Chris Thomas King plays Blind Willie Johnson in the reenactments as the film portrays the blind blues preacher playing for spare change and singing gospel blues. There is little information on his life and music and he died quite young, so the film quickly moves on to the story of Skip James winning a talent contest and being awarded a recording contract and traveling to the Paramount studios in Wisconsin. Later in the film there is some actual footage of James’ return to the stage after a 30 year absence after he was “rediscovered” by white blues fans in the 60’s and brought back to the Newport folk and blues festival for a triumphant end to his career and life where he and his music finally got the attention they deserved.

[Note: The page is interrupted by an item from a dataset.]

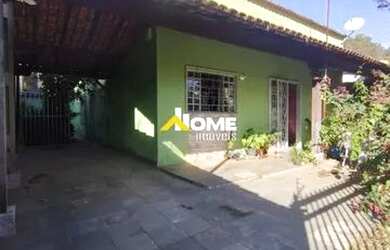 Imagem: A casa possui 3 Dormitórios, 1 Banheiro, 2 Vagas na garagem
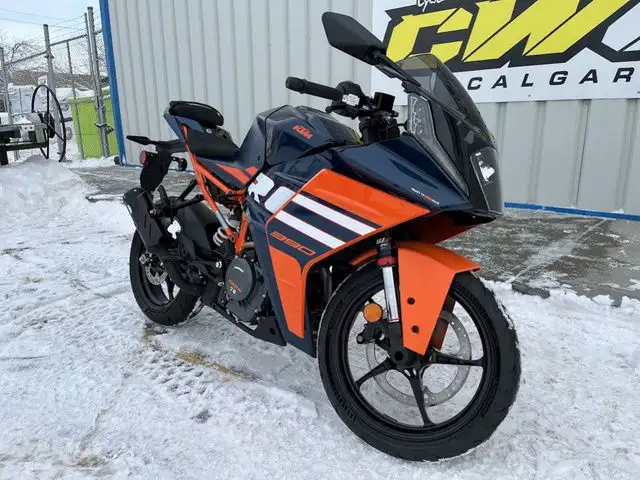 2024 KTM RC 390 in Street, Cruisers & Choppers in Calgary - Image 3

The film shifts rather strangely to a load of rediscovered film footage of the great electric bluesman J.B. Lenoir. Lenoir had a very distinctive high voice and wrote some wonderful songs in his brief career. This footage was shot by a Swedish film crew toward the end of Lenoir’s life and is really a sight to see since lot of bluesmen were not filmed at the height of their powers. Some of the color footage is of him dressed up in fantastic suits and playing, while there are also some intimate black and white sections of Lenoir playing solo and duo acoustic blues. I wish that this had been made into a separate film, J.B. Lenoir was an important enough musician to warrant a film biography and this archival footage along with more interviews would have made for an excellent biography, but we should be happy that this was released in any format regardless.
Various rock and roots musicians are called upon throughout the film to interpret the music of these three men. Some are more successful than others, particularly Bonnie Raitt, who has quite and affinity for the blues and sympathy for those who came before her.